(Task objective) The data should be written out in full, exactly as it stands, and the pictures dropped.

(Material provided)
☆ ☆ ☆

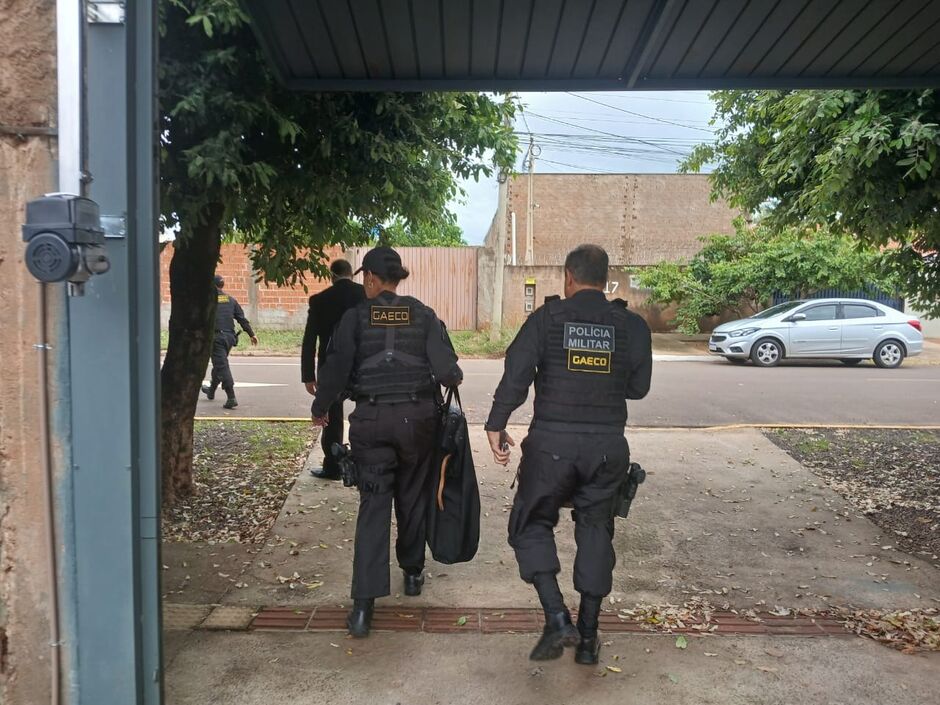 Operação Backstage mira fraudes em licitações de eventos em Três Lagoas e Dourados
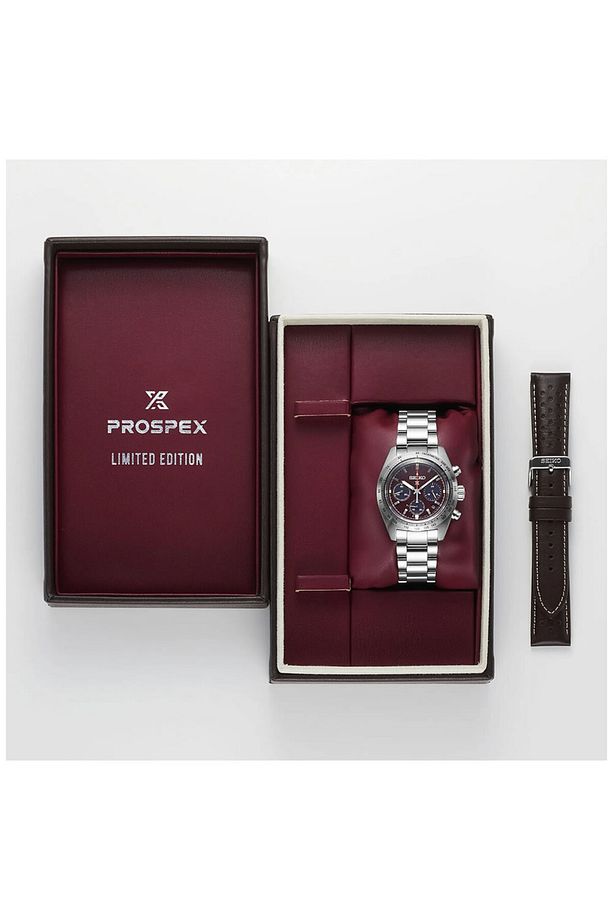 Prospex Speedtimer Ssc953p Limited Erkek Kol Saati - 8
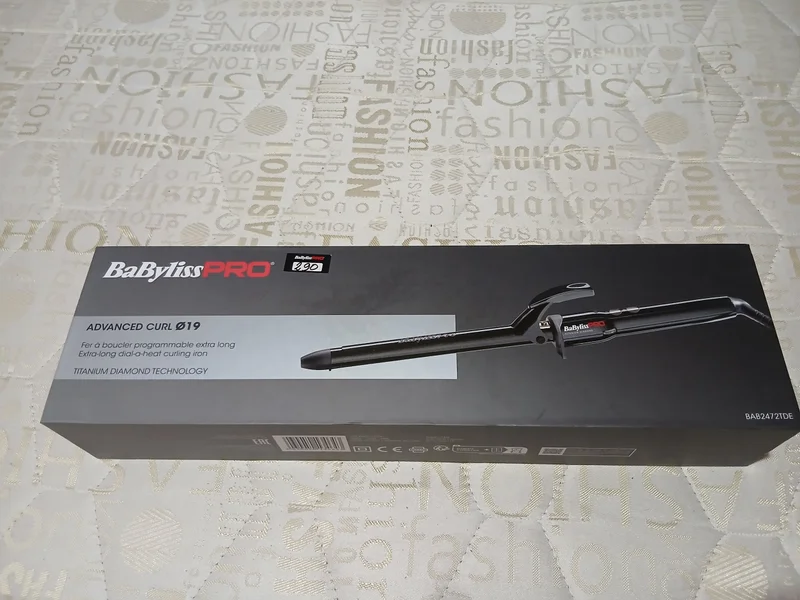 Плойка для волос Babyliss Pro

☆ ☆ ☆

(Output of the exercise)
 Operação Backstage mira fraudes em licitações de eventos em Três Lagoas e Dourados
 Prospex Speedtimer Ssc953p Limited Erkek Kol Saati - 8
 Плойка для волос Babyliss Pro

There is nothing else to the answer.